Stanley Maurice Elkins (April 27, 1925 in Boston, Massachusetts – September 16, 2013 in Leeds, Massachusetts)[1] was an American historian, best known for his unique and controversial comparison of slavery in the United States to Nazi concentration camps, and for his collaborations (in a book and numerous articles) with Eric McKitrick regarding the early American Republic. They together wrote The Age of Federalism, on the history of the founding fathers of America. He obtained his BA from Harvard University (under the GI bill scholarship) and his Ph.D. in history from Columbia University. Elkins first taught at the University of Chicago but spent most of his career as a professor of history at Smith College in Northampton, MA, where he raised his family and eventually retired.
Career
Elkins was born in Boston to Frank and Frances Elkins (née Reiner). He attended Boston English High School and enlisted in the U.S. Army in 1943, serving in the 362nd Infantry Regiment, fighting in France but primarily Italy during World War II. He served as initially a Scout and later a Prisoner Transport Guard (of German POWs). After the war, he married Dorothy Adele Lamken and attended Harvard University on the GI Bill (A.B. 1949), followed by Columbia University for graduate school in American history (M.A. 1951, Ph.D. 1958), where he studied under Richard Hofstadter.[2] He and fellow graduate student Eric McKitrick received a joint appointment as assistant professors of history at the University of Chicago, where they taught from 1955 to 1960. In 1960 he joined the faculty at Smith College, where he was appointed the Sydenham Clark Parsons Professor Emeritus of History from 1969 until his death in 2013.[3]

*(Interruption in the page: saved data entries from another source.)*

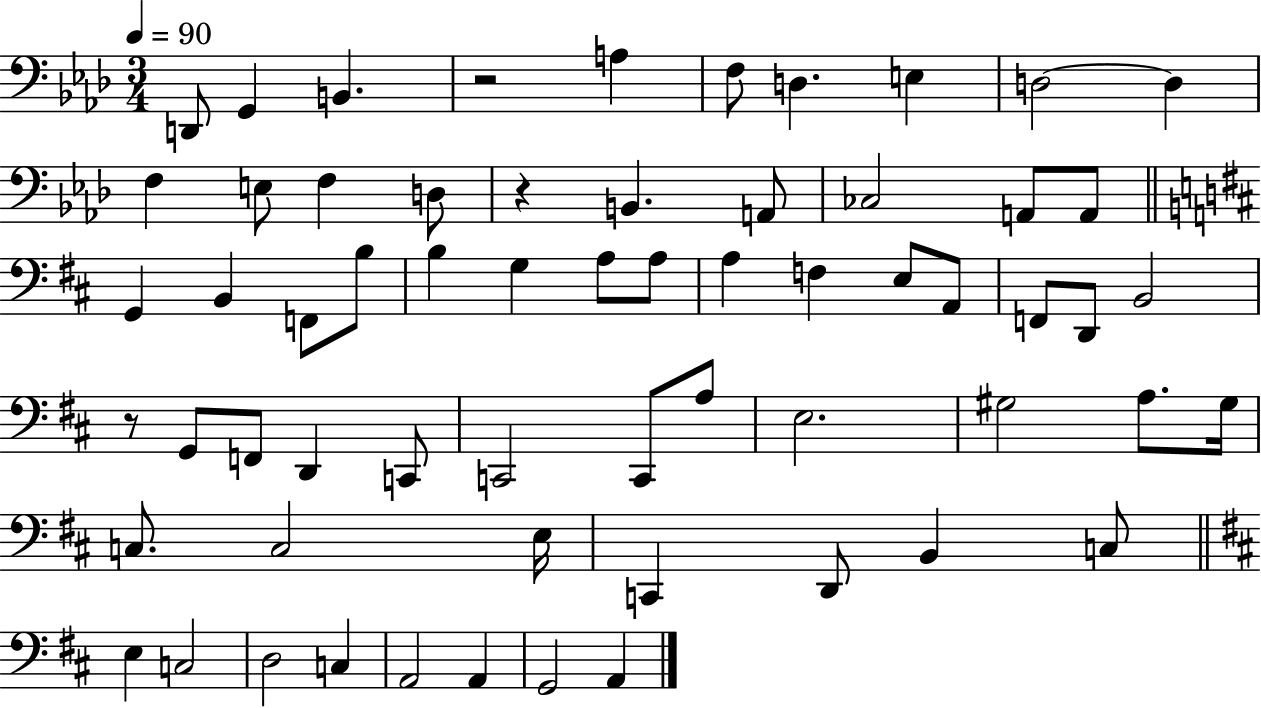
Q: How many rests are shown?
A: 3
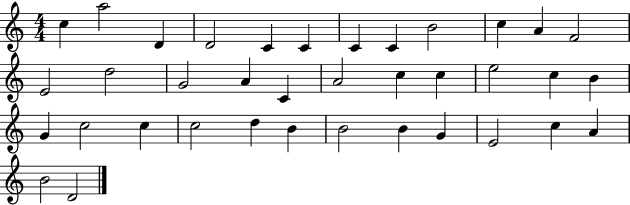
{
  \clef treble
  \numericTimeSignature
  \time 4/4
  \key c \major
  c''4 a''2 d'4 | d'2 c'4 c'4 | c'4 c'4 b'2 | c''4 a'4 f'2 | \break e'2 d''2 | g'2 a'4 c'4 | a'2 c''4 c''4 | e''2 c''4 b'4 | \break g'4 c''2 c''4 | c''2 d''4 b'4 | b'2 b'4 g'4 | e'2 c''4 a'4 | \break b'2 d'2 | \bar "|."
}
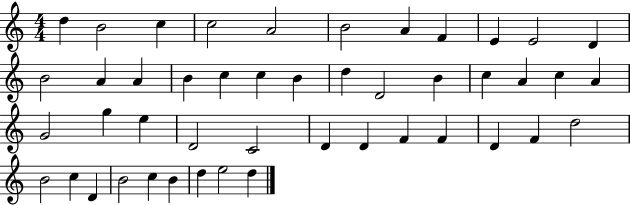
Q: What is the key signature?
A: C major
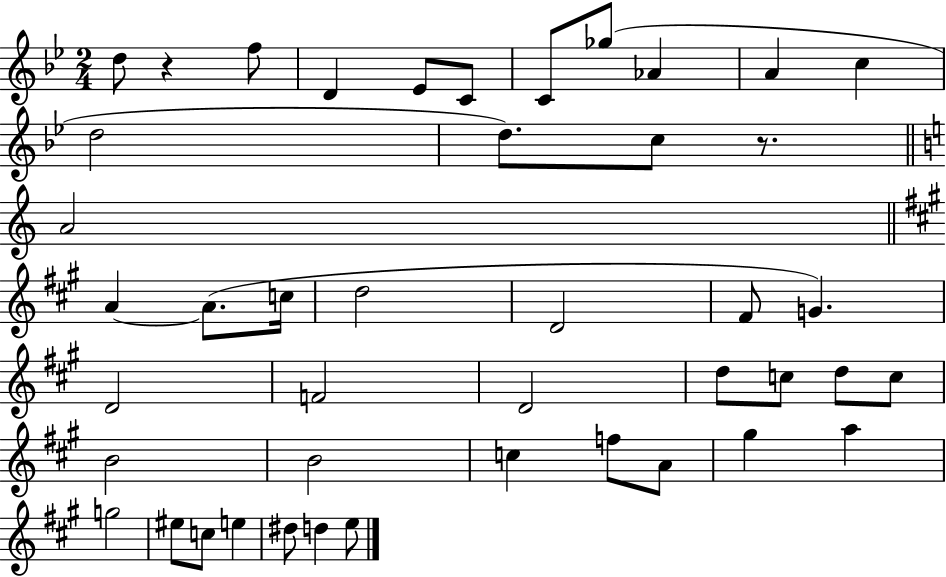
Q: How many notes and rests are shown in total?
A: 44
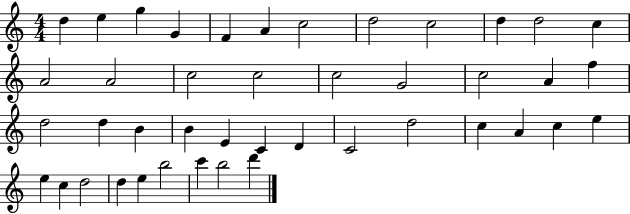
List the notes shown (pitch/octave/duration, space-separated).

D5/q E5/q G5/q G4/q F4/q A4/q C5/h D5/h C5/h D5/q D5/h C5/q A4/h A4/h C5/h C5/h C5/h G4/h C5/h A4/q F5/q D5/h D5/q B4/q B4/q E4/q C4/q D4/q C4/h D5/h C5/q A4/q C5/q E5/q E5/q C5/q D5/h D5/q E5/q B5/h C6/q B5/h D6/q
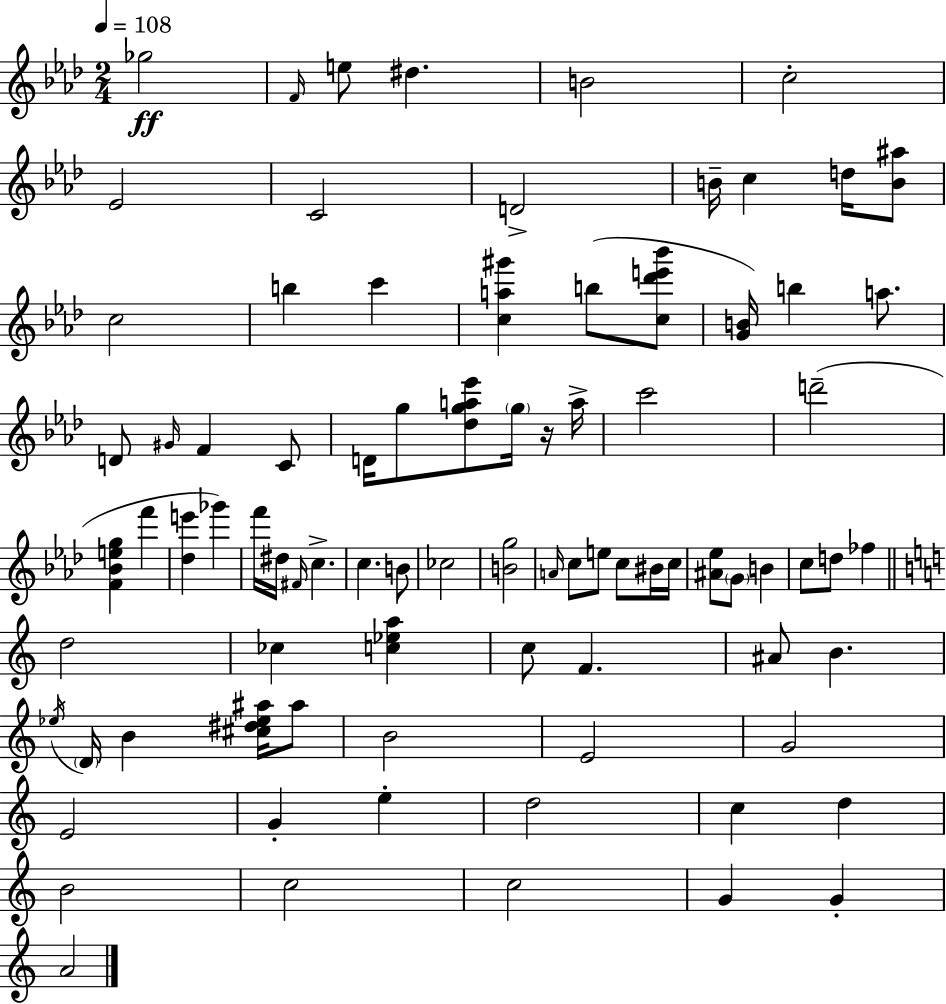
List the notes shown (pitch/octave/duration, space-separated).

Gb5/h F4/s E5/e D#5/q. B4/h C5/h Eb4/h C4/h D4/h B4/s C5/q D5/s [B4,A#5]/e C5/h B5/q C6/q [C5,A5,G#6]/q B5/e [C5,Db6,E6,Bb6]/e [G4,B4]/s B5/q A5/e. D4/e G#4/s F4/q C4/e D4/s G5/e [Db5,G5,A5,Eb6]/e G5/s R/s A5/s C6/h D6/h [F4,Bb4,E5,G5]/q F6/q [Db5,E6]/q Gb6/q F6/s D#5/s F#4/s C5/q. C5/q. B4/e CES5/h [B4,G5]/h A4/s C5/e E5/e C5/e BIS4/s C5/s [A#4,Eb5]/e G4/e B4/q C5/e D5/e FES5/q D5/h CES5/q [C5,Eb5,A5]/q C5/e F4/q. A#4/e B4/q. Eb5/s D4/s B4/q [C#5,D#5,Eb5,A#5]/s A#5/e B4/h E4/h G4/h E4/h G4/q E5/q D5/h C5/q D5/q B4/h C5/h C5/h G4/q G4/q A4/h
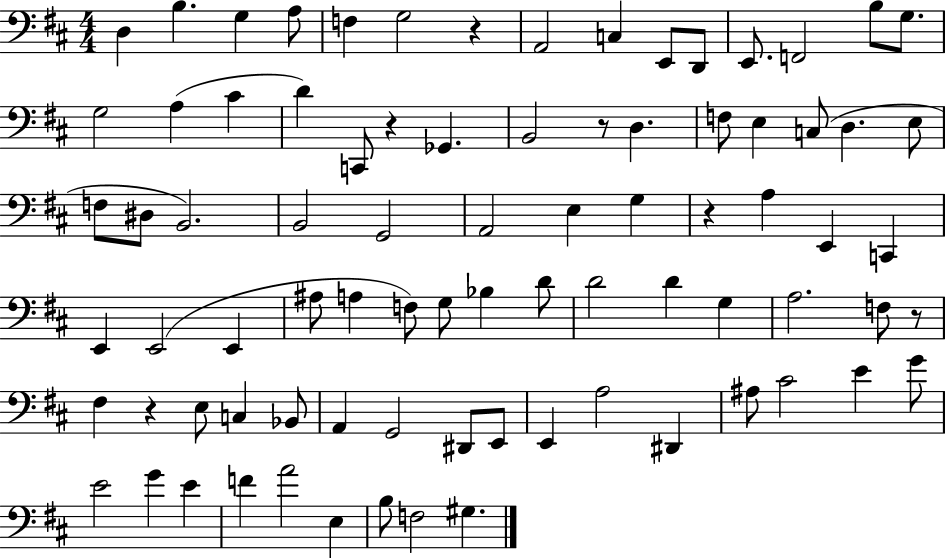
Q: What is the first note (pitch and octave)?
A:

Slavery: A Problem in American Institutional and Intellectual Life
Based on Elkins' doctoral dissertation at Columbia University, this work was theoretically innovative and enormously influential when first published, although largely superseded today. In it, Elkins made two major, and controversial, statements, the first being American abolitionists reduced their effectiveness by insisting on ideological consistency and purity, and refusing to compromise with the slave system. He argued British abolitionists were more pragmatic and thus effective, allowing them to abolish slavery without war.[4]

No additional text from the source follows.